Start of Entries provided

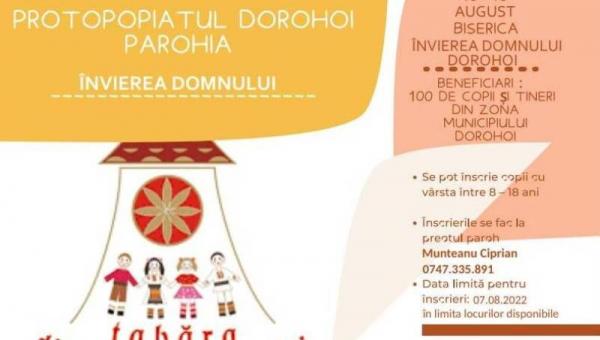 Invităm copiii creștini din Dorohoi în „Tabăra din Pridvorul Satului” (16-18 august 2022)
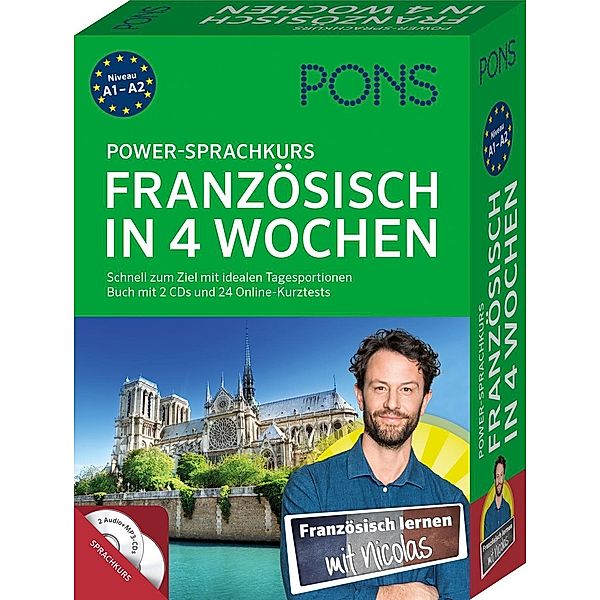 PONS Power-Sprachkurs Französisch in 4 Wochen, Buch mit 2 Audio-MP3-CDs und Online-Kurztests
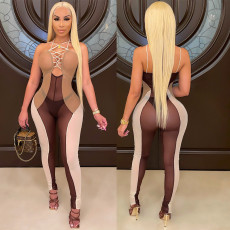Sexy Tight Mesh See-Through Splice Jumpsuit GOSD-OS6542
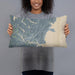 Person holding 20x12 Custom York Maine Map Throw Pillow in Afternoon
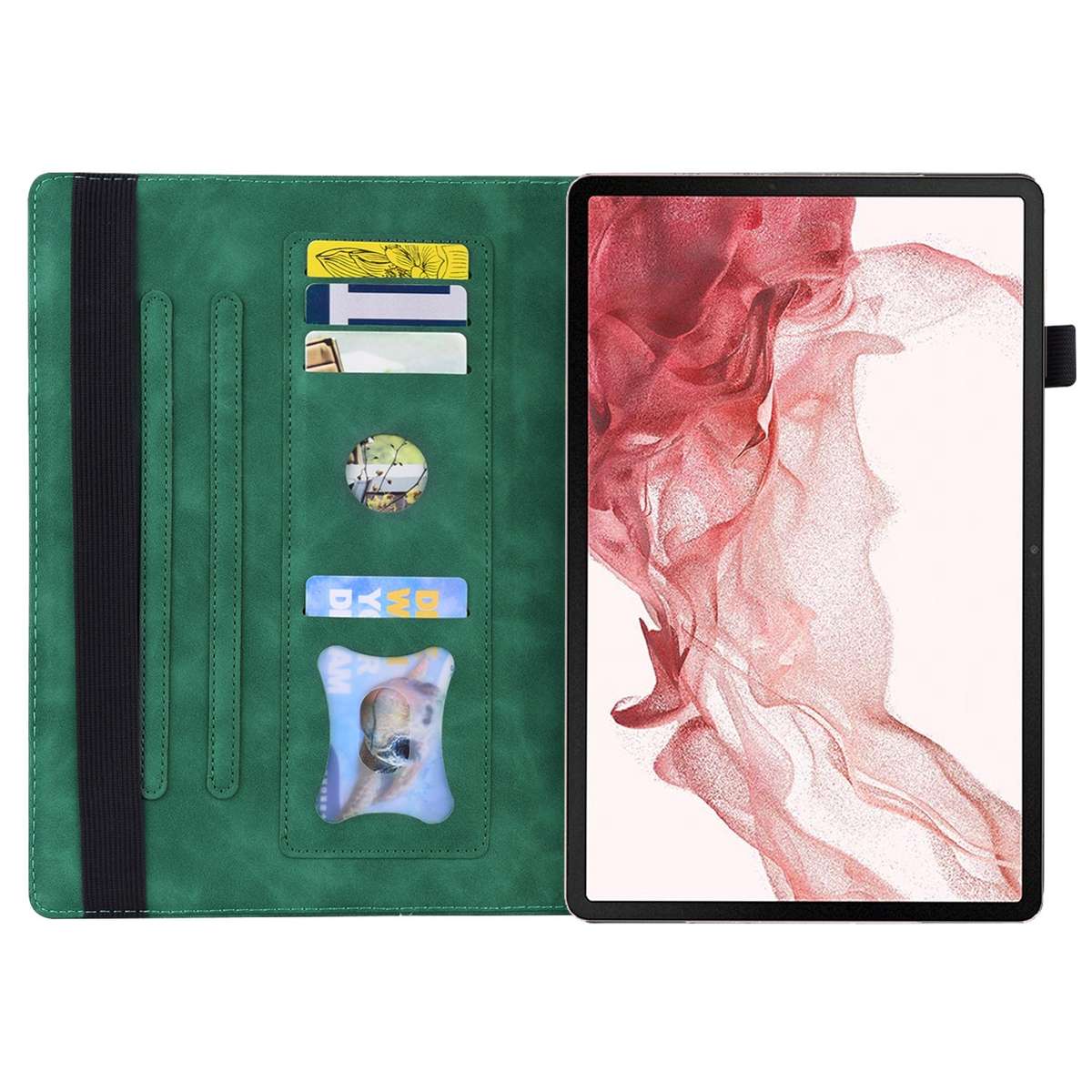 For Samsung Galaxy Tab S9+ /S8+ /S7+ Splicing Shockproof Smart Leather Tablet Case(Green)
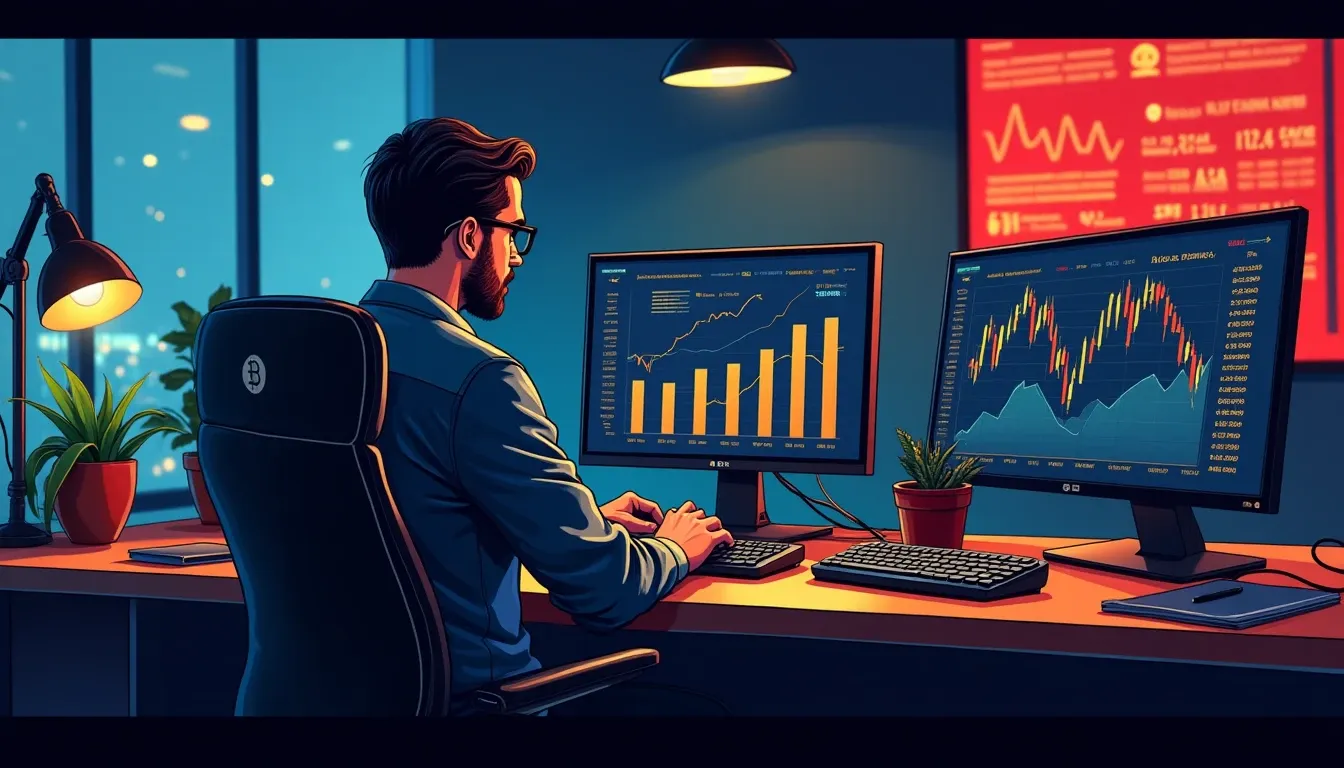 Analyst reviewing cryptocurrency market capitalization charts showing large cap versus small cap risk profiles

End of Entries provided

• **Aim of the exercise**: Your job is to copy each entry exactly as written; the pictures do not go in.

• **Task result**:
 Invităm copiii creștini din Dorohoi în „Tabăra din Pridvorul Satului” (16-18 august 2022)
 PONS Power-Sprachkurs Französisch in 4 Wochen, Buch mit 2 Audio-MP3-CDs und Online-Kurztests
Sexy Tight Mesh See-Through Splice Jumpsuit GOSD-OS6542
 Person holding 20x12 Custom York Maine Map Throw Pillow in Afternoon
 For Samsung Galaxy Tab S9+ /S8+ /S7+ Splicing Shockproof Smart Leather Tablet Case(Green)
 Analyst reviewing cryptocurrency market capitalization charts showing large cap versus small cap risk profiles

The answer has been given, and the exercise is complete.